Straf moet altijd gecombineerd worden met zorg. Bij enquêtes onder gewone burgers blijkt dat zelfs diegenen die pleiten voor een keiharde aanpak ook vinden dat die aanpak met educatieve maatregelen moeten samengaan.

Welke zorg is nodig?

Er zijn twee belangrijke buffers om criminaliteit en recidive te voorkomen:

1. het volgen van een opleiding of het vinden van werk

2. een band hebben met volwassenen die goede sociale modellen zijn en om de jongere geven. Bindingen hebben in de samenleving. Trots zijn op jouw wijk.

Dit is echter makkelijker gezegd dan gedaan. Het vergt namelijk een bovenmenselijke inspanning om deze jongeren nog te motiveren voor een opleiding. Als ze makkelijk geld kunnen verdienen  met helen en drugs hebben ze ook weinig zin om voor het minimumloon te gaan werken.
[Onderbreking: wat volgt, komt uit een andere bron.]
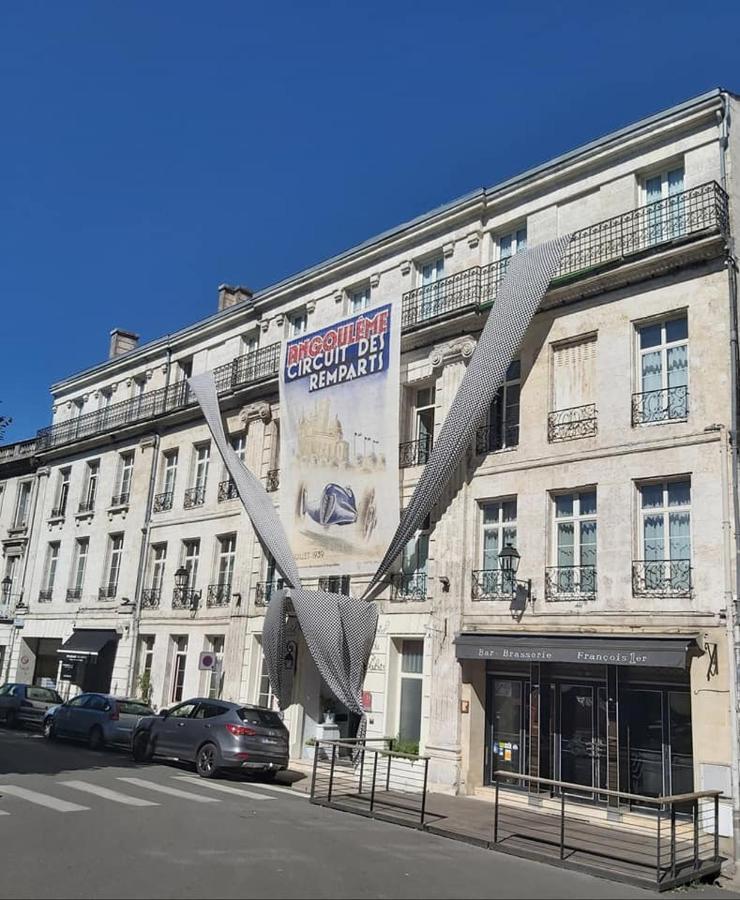 Hotel Du Palais Angoulême Zewnętrze zdjęcie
Het is zeer moeilijk om die buffers te stand te brengen:

- de leerachtstanden zijn enorm. Op 17 jaar staan ze wat betreft taal en rekenen op het niveau van een elfjarige en een derde van hen op het niveau van een achtjarige. Dit is nooit meer in te halen. Verbaal zijn ze ernstig sociaal gehandicapt: conflicten moeten dus via agressie worden opgelost. In het gewone dagelijkse leven lopen ze continu frustraties op (ik ging eens met een jonge kerel mee naar een uitzendbureau. Hij ging naar een medewerkster, spreidde zijn beide handen over haar bureau en zei: ‘Werk’. Nu zijn ze daar wel wat gewend, maar zich goed kunnen introduceren verhoogt de kansen).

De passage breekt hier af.